Updated: Aug 24, 2023

This week we talk with Shan de Silva about gender non-conformity in fashion. In this article, we expand on the themes presented in our conversation, like the relationship between fashion and gender, and how South Asia provides an interesting perspective to question the history of how the gender binary became so ingrained in clothing.

The fashion industry has been one of the biggest contributors to enforcing a version of gender that is determined by the binary assignment of a sex at birth. You are assigned either male or female and must wear the clothing that is predetermined as appropriate for each. Even in the most "progressive" places in the world, wearing a dress while sporting a beard still provokes ridicule and violence, and for many of us, the trauma of walking into a retail store and being forced to choose the appropriate section to buy our clothes is still very much alive.

But it is in recognizing the power of clothing on shaping how we are perceived by society that we can understand and deconstruct the historical importance that fashion has played in creating and limiting our own gender identities.
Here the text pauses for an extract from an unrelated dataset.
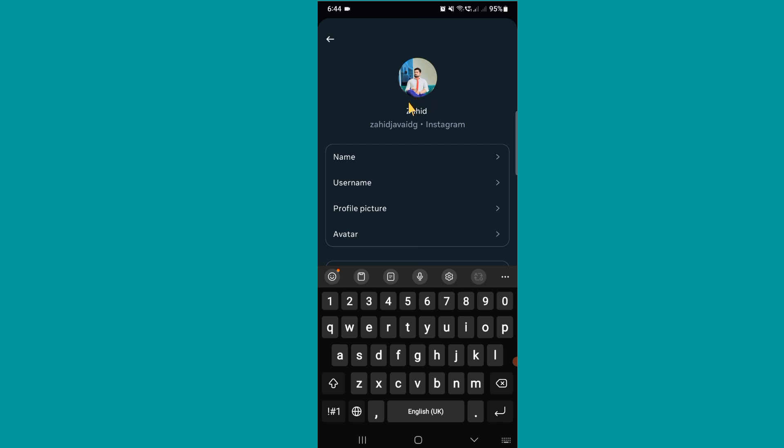So guys, in this way you can change name on Instagram. If this video is helpful for you then please like this video and subscribe to our channel. Thanks for watching.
For most of human history, clothing was not an indicator of gender, but rather of social role, which is also true of pre-modern Western societies. The concept of gender in the West, with its attendant dress norms, arose only out of the modern need to categorize and confine society to the ideals of progress and civility, to prescribe what was socially acceptable and what wasn't. This, along with other modern concepts such as race and sexuality, emerged as a direct response to colonization, in an attempt to dismantle, restructure, and ultimately control the lives of the colonized.

When we say that "gender" appeared in Europe after colonization, we don't mean that gender roles or even gendered clothing didn't exist. What we do mean is that it was during this period that gender began to be seen as a natural attribute of the body, and thus inextricably linked to a binary system that assigned one of only two possible sexes at birth. More importantly, the two sexes/genders were not born equal. Men emerged as the "norm," the ideal form of humanity, while women were defined in opposition, as not-men, encompassing the human aspects deemed undesirable for respectable citizens, such as emotionality, softness, and preoccupation with physical appearance.
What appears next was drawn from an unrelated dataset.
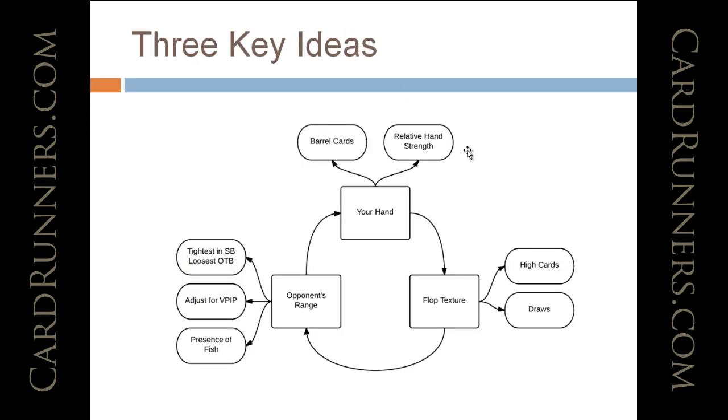Our hand is fairly weak, and there are very few barrel cards, as we'll get into. The flop texture includes a high card, the King, and not many draws. This is very much one of those hands where he either has a hand or, I mean, there's the flush draw, but most of the hands that he's going to have are just not going to be that crazy about the flush draw.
Fashion developed along these lines. With the advent of market capitalism, the fashion industry could only reinforce the norms of the gender binary that came with the division of labor during industrialization by producing, marketing,

and exploiting the social differences assigned to men and women. In this way, the relationship between clothing, gender and sex became predetermined and naturalized from birth, as if it had always been this way.

By the 18th and 19th centuries, men's abandonment of fashion was complete. With the fall of the aristocracy, which until then had used clothing to signal its opulence, the men of the emerging bourgeois class favored utilitarian clothing, reserving fashion to confine women to being decorative elements of society, emphasizing an ideal of femininity in servitude to the heterosexual male gaze.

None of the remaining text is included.